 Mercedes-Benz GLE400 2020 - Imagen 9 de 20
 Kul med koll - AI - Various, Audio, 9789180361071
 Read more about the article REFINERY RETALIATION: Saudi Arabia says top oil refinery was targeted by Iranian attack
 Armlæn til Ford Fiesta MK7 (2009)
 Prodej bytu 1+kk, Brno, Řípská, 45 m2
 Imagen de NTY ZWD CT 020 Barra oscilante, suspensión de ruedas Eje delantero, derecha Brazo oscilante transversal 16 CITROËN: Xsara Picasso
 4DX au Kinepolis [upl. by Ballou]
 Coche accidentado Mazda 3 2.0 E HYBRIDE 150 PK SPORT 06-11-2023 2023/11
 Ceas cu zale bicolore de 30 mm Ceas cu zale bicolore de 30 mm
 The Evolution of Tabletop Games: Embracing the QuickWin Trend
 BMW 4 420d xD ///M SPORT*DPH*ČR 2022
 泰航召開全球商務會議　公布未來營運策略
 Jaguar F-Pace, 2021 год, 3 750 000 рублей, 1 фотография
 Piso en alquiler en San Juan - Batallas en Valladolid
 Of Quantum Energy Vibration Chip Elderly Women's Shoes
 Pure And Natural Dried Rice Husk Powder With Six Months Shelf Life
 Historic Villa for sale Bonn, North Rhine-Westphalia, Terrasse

#### ASSIGNMENT:
Each line above that contains "Imagen" must be copied out.

#### WRITTEN RESPONSE:
 Mercedes-Benz GLE400 2020 - Imagen 9 de 20
 Imagen de NTY ZWD CT 020 Barra oscilante, suspensión de ruedas Eje delantero, derecha Brazo oscilante transversal 16 CITROËN: Xsara Picasso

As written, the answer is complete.